The problem is not with you AppleTV or your Mac. Your problem is the network. I had the same problem and finally solved it.
airplay makes screen mirroring, there is a lot more data to be sent from you mac than from your iPhone or iPad
-> airplay can be okay from the small monitor, but jumpy/lag from your mac->Network handles the smaller data sufficiently enough.
"five bars on my wifi" does not mean you get great signal strength.
-->press "alt"-key on your keyboard and then click on the WiFi symbol on your mac to get more data.
You want to look at "RSSI" and "Noise".
- RSSI (=received signal strength indication) can go from 0 to -100 (on apple). Closer to 0 is better, closer to -100 is worse. My RSSI is -54dBm meaning that the signal strength is 54dBm less powerful when it reaches my mac than when it left the base station. For WiFi normal range is from -45 to -87. Below -85 is more or less unusable (for example -90 is just horrible).
- Noise is a combination of all unwanted interfering signal sources (your wifi is not the only one in the neighbourhood, radio frequencies interference etc). this is valued form 0 to -120dBm. Closer to -120 is better(little to no ninterference), closer to 0 is worse. My Noise is -94dBm.
Calculate your SNR margin by doing the following:
SNR margin = RSSI(dBm) - Noise(dBm)
for example my RSSI is -54dBm and my Noise is -94dBm and thus
my SNR margin = -54dBm - (-94dBm)= +40 --> the higher the better.

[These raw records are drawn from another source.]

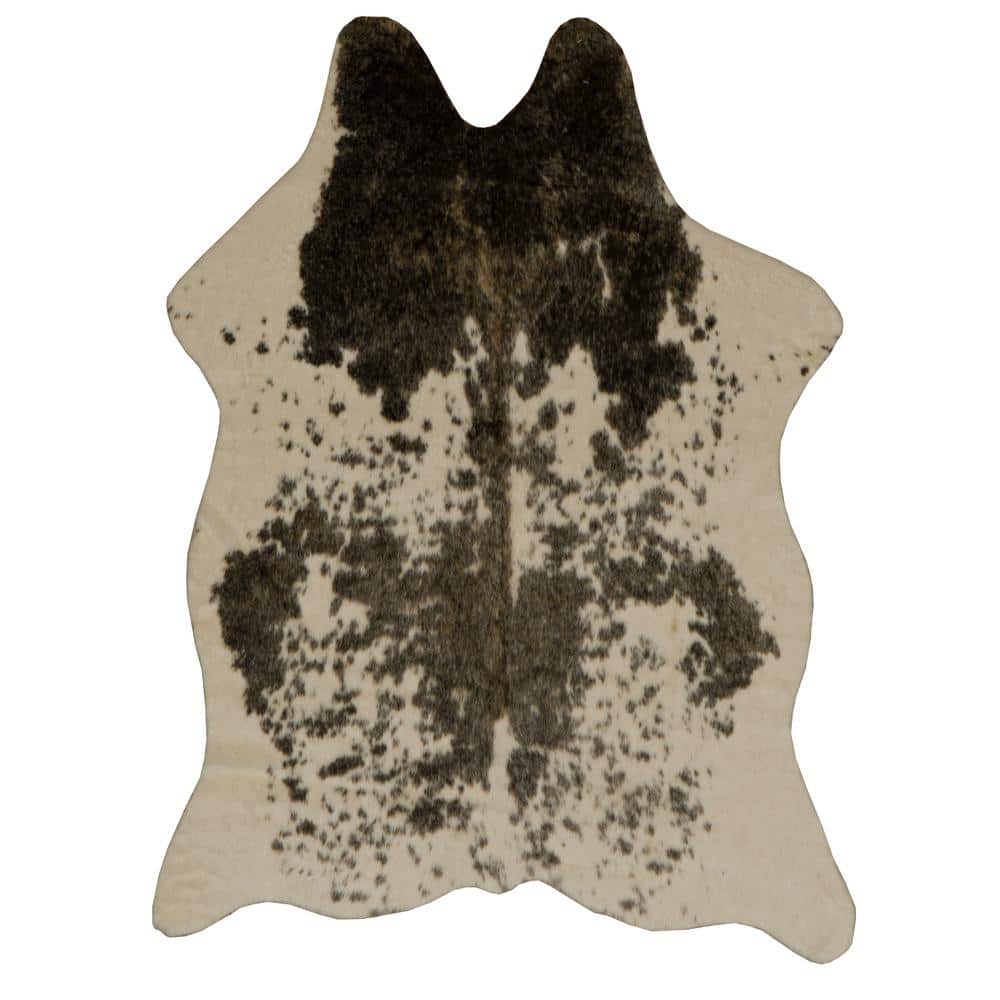 Crocus 4 ft. x 5 ft. Faux Hide Mini Brown and White Speckle Area rug price history on PriceWatchPro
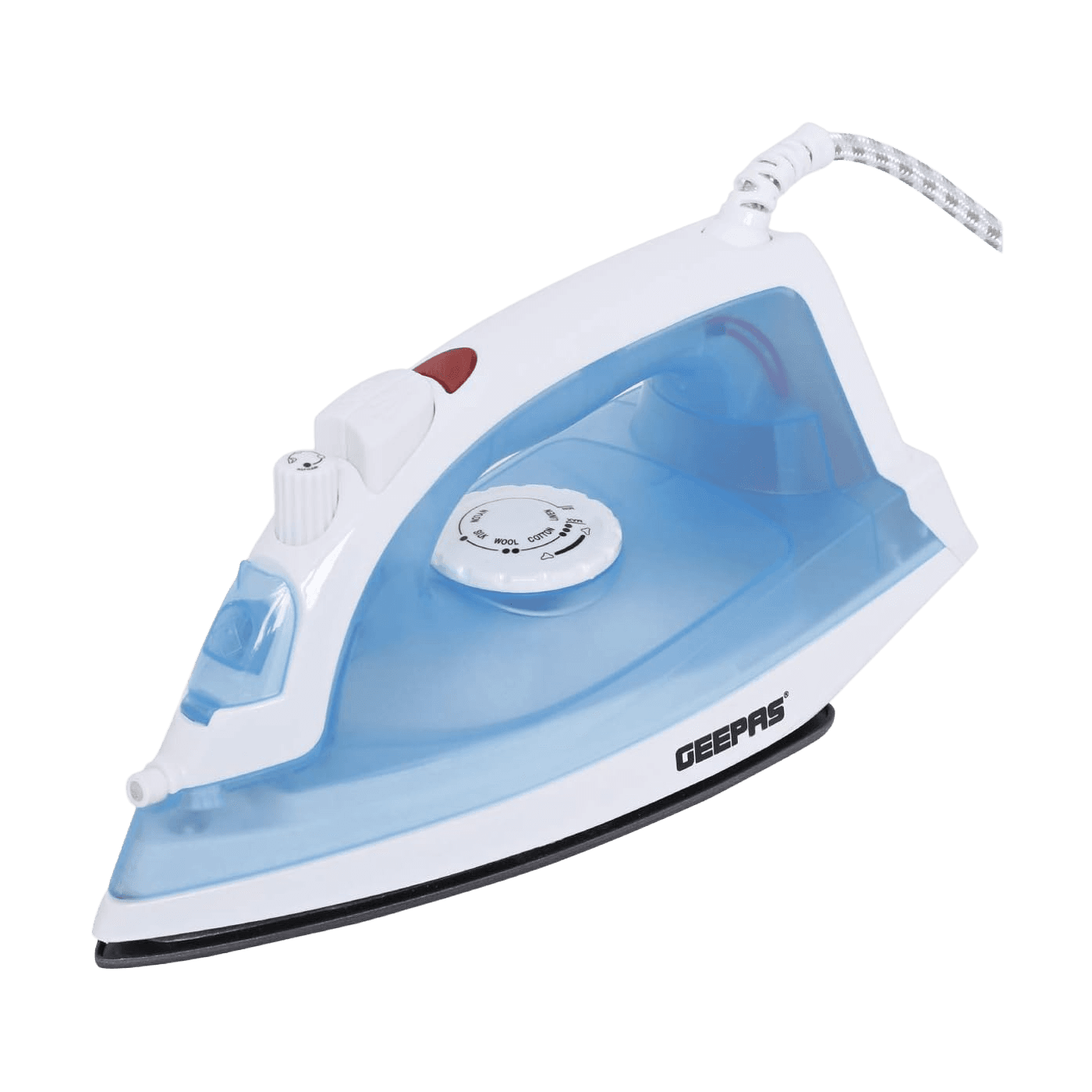 Geepas Steam Iron- GSI7783- Dry Ironing Box with Non-Stick Soleplate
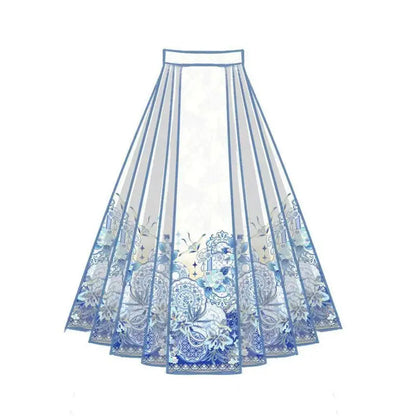 Flower Fairy Story [Celadon Mirror] Pipa Sleeve Blue and White Porcelain Horse Dress Set Han han HanFuDreams [Blue and white porcelain] horse dress S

SNR over 40 excellent, 25 to 40 good, 15 to 25 airplay probably will lag, under 15 is just horrible.
What can you do to get better SNR margin which means of course no lag/jumpy video on airplay form you mac to AppleTV.
1. You can use a router that has 5Ghz instead of "the normal 2.4GHz"
-5GHz is faster with a good signal, but 2,4GHz will go through walls better. A couple of walls(even thin walls) will kill 5GHz quickly, distance also kills it more quicker than a 2,4GHz. Most people use 2.4 GHz and the channels on 2.4GHz are more crowded.
2. You can use ethernet cables to connect either your mac or your apple tv to you router. Beware there are different ethernet cables though, I tried an old ethernet cable which i got in 2000, but boy did my internet connection (internet speed test) get worse readings than through WiFi.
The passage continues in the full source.